FM covers faults management related to connectivity/communication of end stations. While PM includes, monitoring the performance of link using statistics like packet loss, latency and delay variation (also called jitter) etc.
Here we need to differentiate between layer 2 and layer 3 networks.
For layer 2 networks, FM is usually done using CCM messages (connectivity check messages) while PM is done using standard protocols like 802.1ag or Y.1731 that can monitor all parameters mentioned above.
For layer 3 networks, Ping and trace route are primary tools for FM and by far the most widely used tools for troubleshooting, while IP SLA is one of the PM tools for Cisco devices. IP SLA can monitor all stats including loss, latency and delay variation at IP layer ( can also do it on layer 2) in addition to helpful stats for VOIP like MOS score. (Please note, Cisco use the term IP SLA also for both layer 3 and layer 2 links, even though the stats at layer 2 are on the Ethernet layer).
Coming from a carrier Ethernet background in my last job, when I look back, I can say that tools especially the PM tools at layer 2, were not used very often. It may be, because many people were not aware of it or the thresholds of pass/fail for performance measurements were not very well defined. Recently, Metro Ethernet Forum (MEF) has done a great job by standardizing the threshold and limits for jitter, delay and packet loss. Therefore, the PM tools have started gaining acceptance industry wide and are being rolled out in layer 2 service provider networks more actively.

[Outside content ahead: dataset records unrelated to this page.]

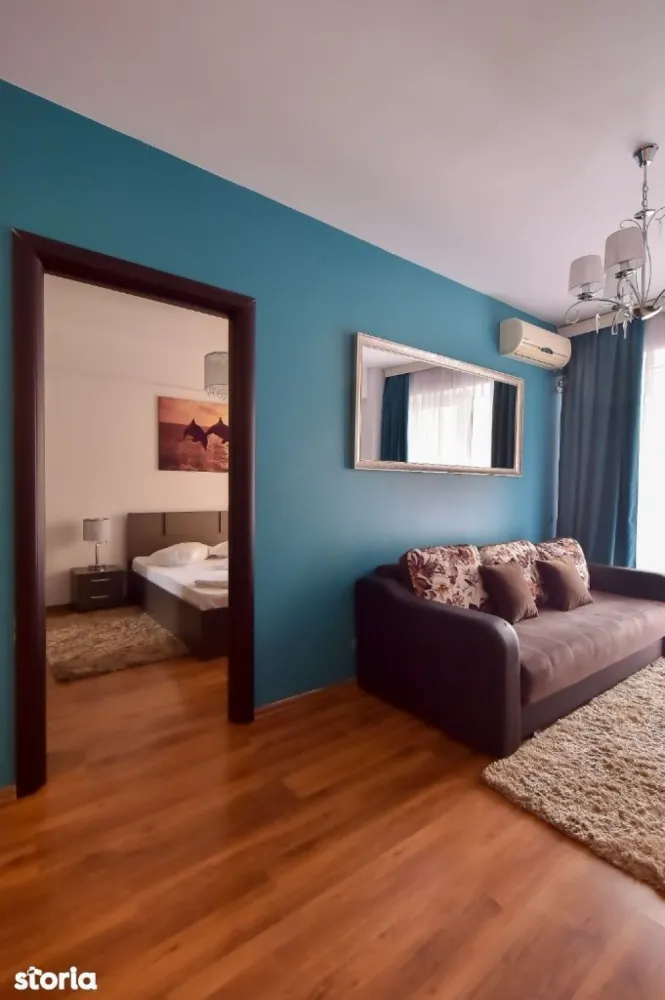 Apartament de vanzare 2 camere , Summerland, Mamaia - Apartament situat pe malul marii , situat in Summerland, zona de maxim interes pentru o investitie. Are vedere laterala la mare, este compus din dormitor , zona de living,hol, bucatarie, 2 bai si terasa generoasa. Este situat la etajul 1 , in blocul cu Bar Pasticeria.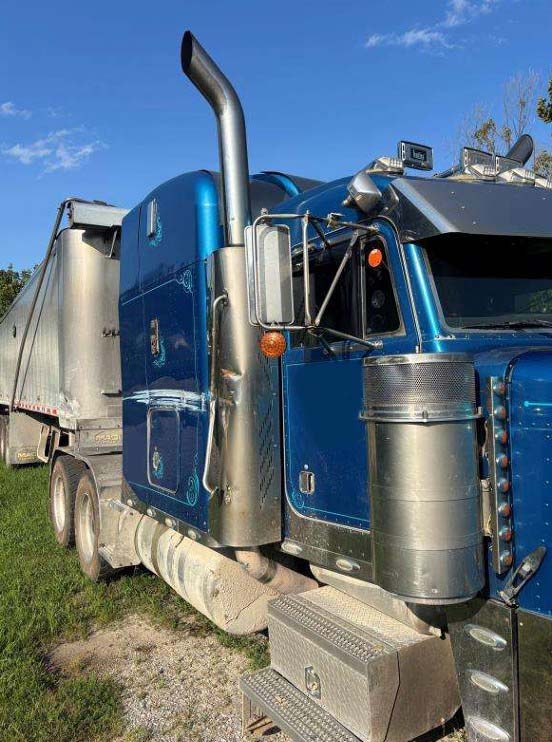 2001 Peterbilt 379 - Image 4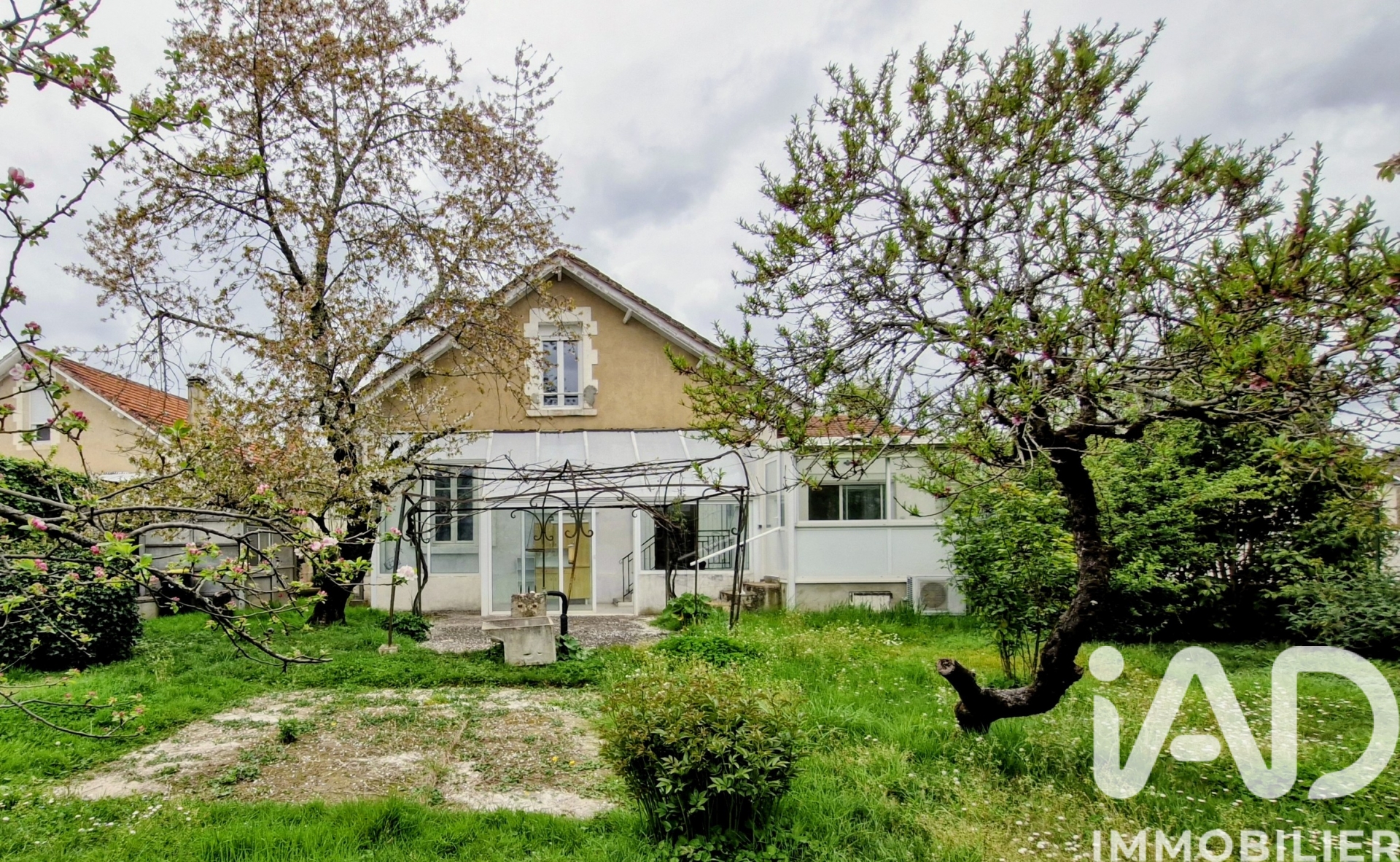 Vente maison à Bergerac (24100) : maison 6 pièces 113 m² — 4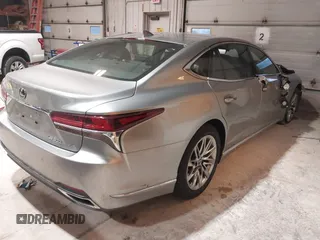 2018 Lexus LS with VIN JTHC51FF5J5005147, listed as a IAAI auction lot 41223294 with 82,697 mi miles. Bid and sale history available at carsss.com. Image 4.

However, I am quite curious on how often OAM tools are used in IP networks.
Fault management tools like Ping/traceroute are the bread and butter of an IP engineer when it comes to troubleshooting networks but I am especially interested to know more about the IP SLA and its use in the networks.
So my question to you would be
- How often do you use IP SLA ( or any similar tool) in your network? Do you use it in specific applications like VoIP?
- Do you used it for both layer 2 and layer 3 networks. In enterprises as well as service provider environment?
- Are the thresholds of the PMs (Delay, jitter and packet loss) well defined; by Cisco or any standard body?
Would love to hear your opinion here!